■ Requirement ■
Your copy should begin with the line containing "Bus canopy pedistrian image", end with the line containing "钱江摩托：第三季度报告正文.ppt_第2页", match the listing below exactly, and contain no pictures.

■ Provided data ■
╔══
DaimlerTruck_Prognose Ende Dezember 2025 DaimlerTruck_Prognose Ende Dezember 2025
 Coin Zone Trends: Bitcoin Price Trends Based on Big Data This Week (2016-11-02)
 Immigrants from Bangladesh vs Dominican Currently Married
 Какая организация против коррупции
╚══
╔══
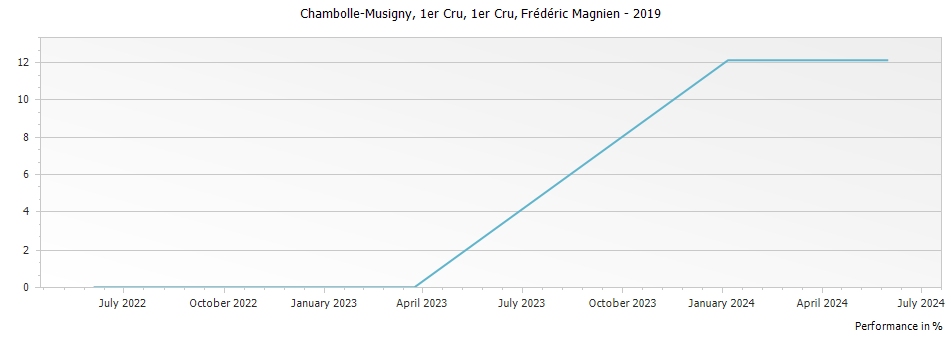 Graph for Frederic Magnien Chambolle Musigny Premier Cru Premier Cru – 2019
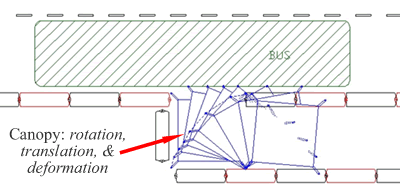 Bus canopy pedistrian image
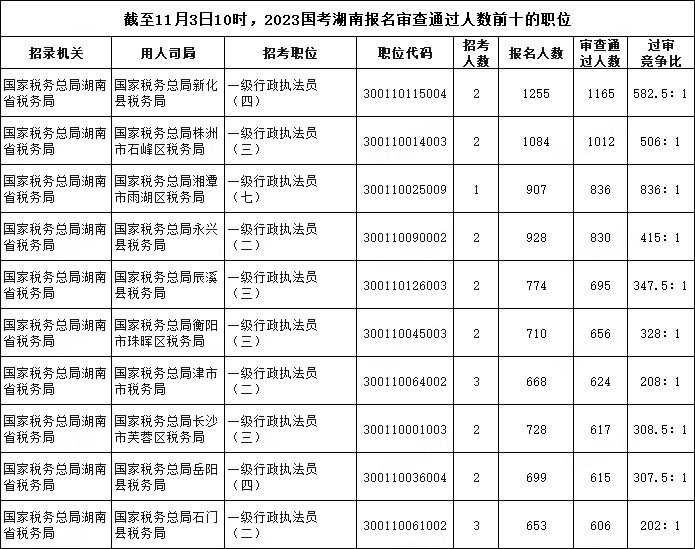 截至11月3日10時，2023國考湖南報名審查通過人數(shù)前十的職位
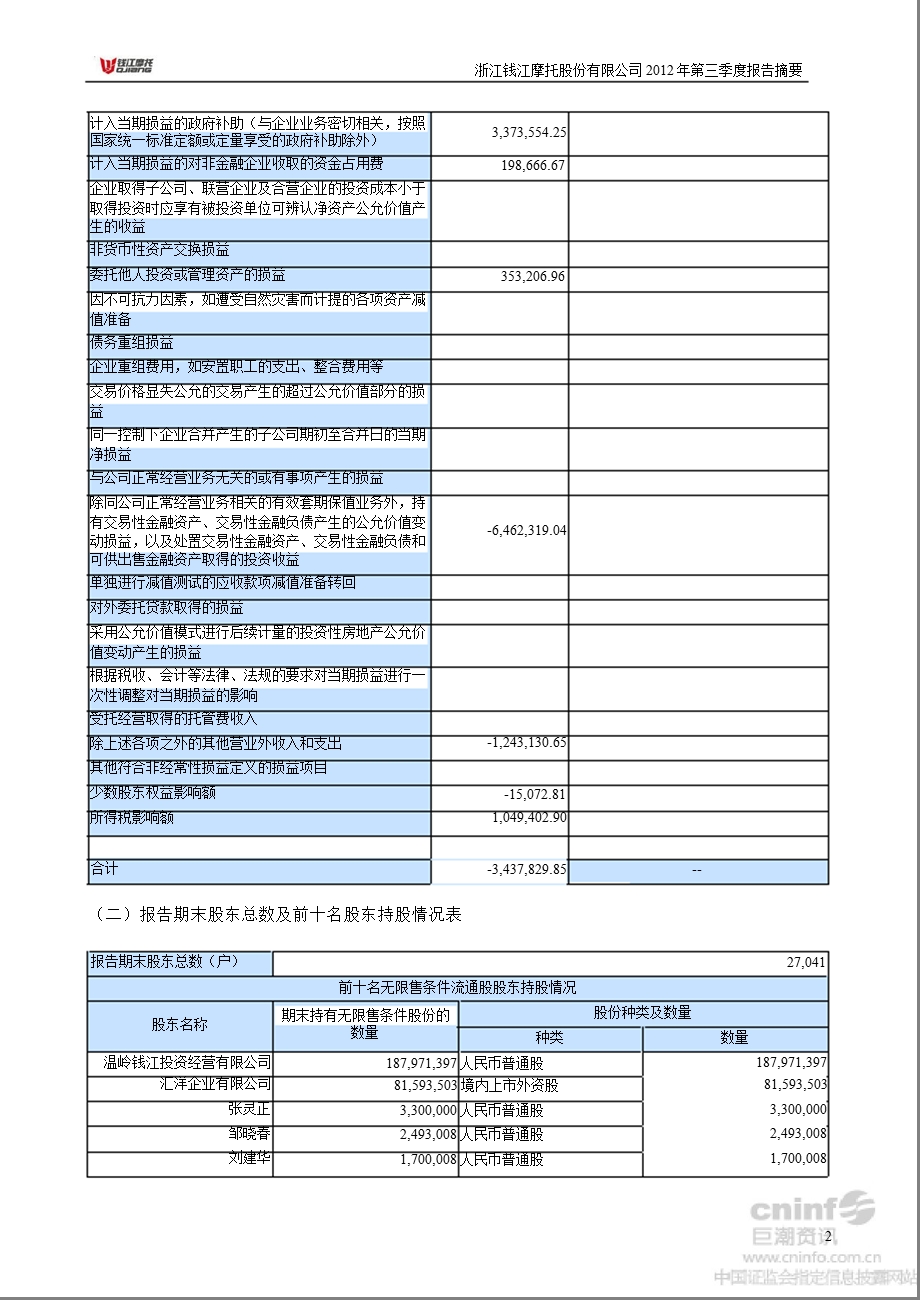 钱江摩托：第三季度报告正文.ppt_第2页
╚══
╔══
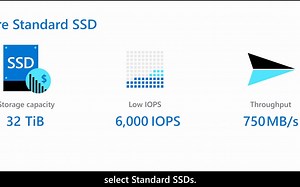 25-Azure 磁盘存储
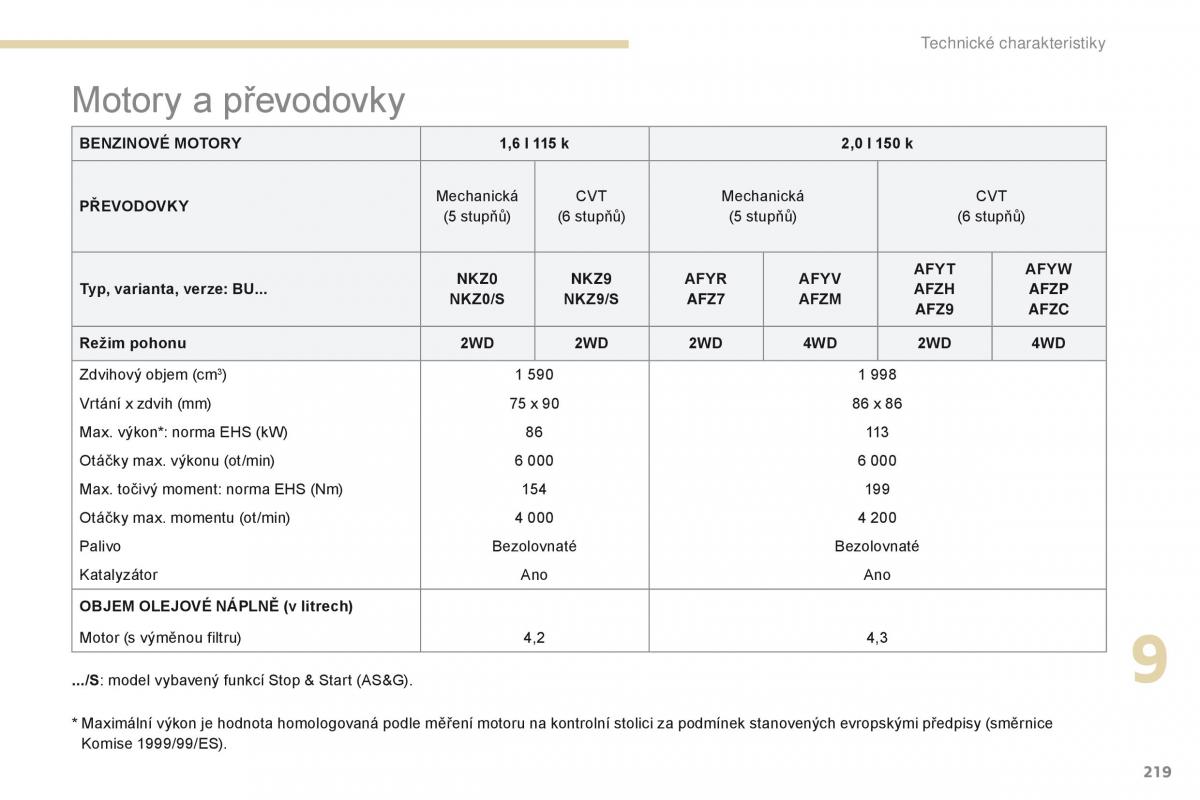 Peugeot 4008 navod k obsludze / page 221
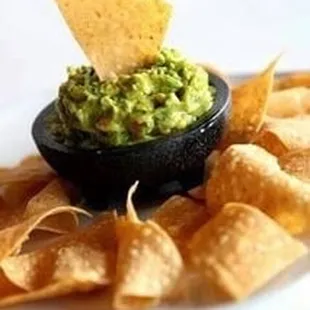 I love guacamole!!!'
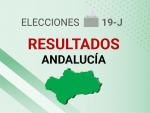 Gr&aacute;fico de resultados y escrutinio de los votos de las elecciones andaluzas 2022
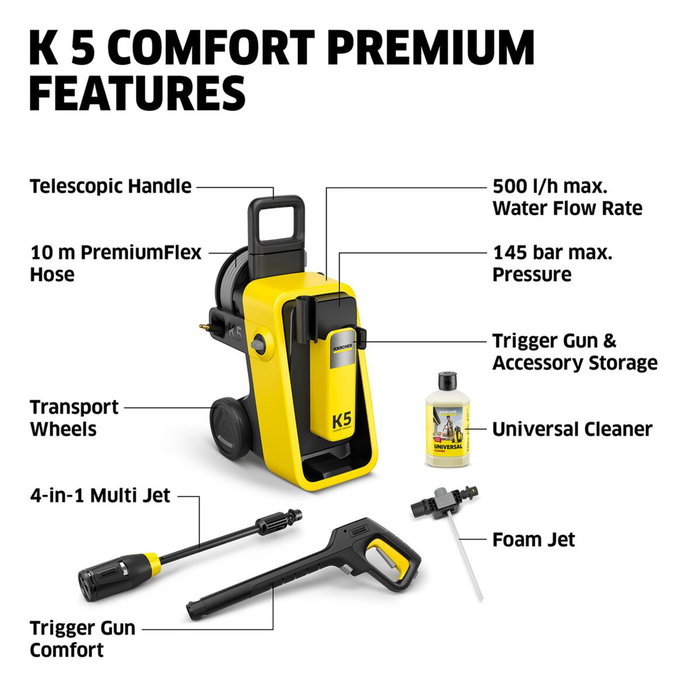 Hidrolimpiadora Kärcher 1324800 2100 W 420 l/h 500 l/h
╚══
■ Answer to this task ■
 Bus canopy pedistrian image
 截至11月3日10時，2023國考湖南報名審查通過人數(shù)前十的職位
 钱江摩托：第三季度报告正文.ppt_第2页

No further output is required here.